[Data provided]
───

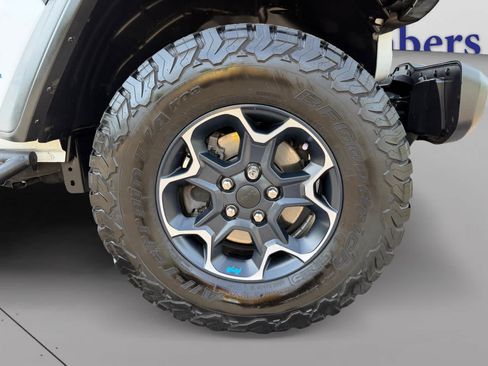 Used 2023 Jeep Wrangler Unlimited Rubicon 4xe AWD/4WD image 9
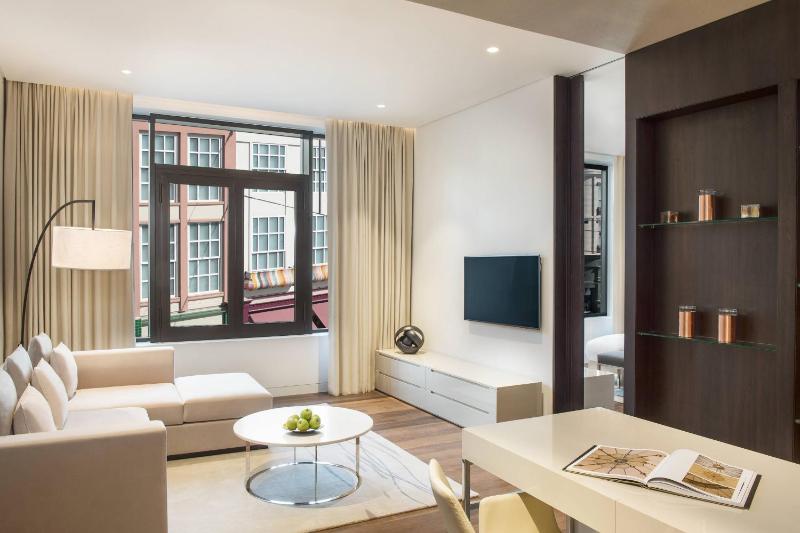 One Bedroom Executive Suite  image 2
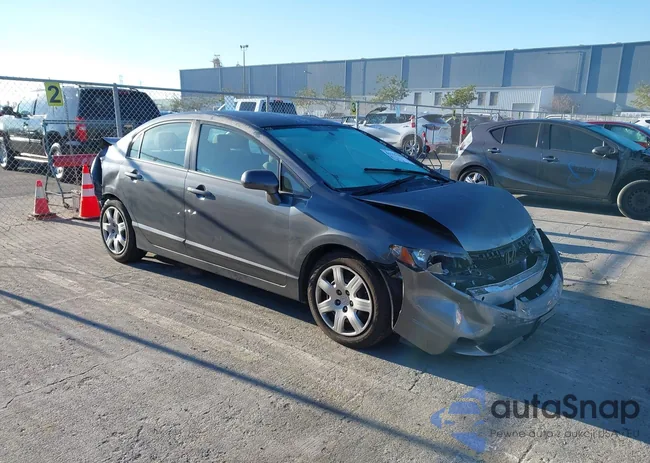 2HGFA1F5XBH300872: 44155183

───

[Problem to work on]
Please retype the material in full, exactly as it reads, apart from the images.

[Solution for this task]
 Used 2023 Jeep Wrangler Unlimited Rubicon 4xe AWD/4WD image 9
 One Bedroom Executive Suite  image 2
 2HGFA1F5XBH300872: 44155183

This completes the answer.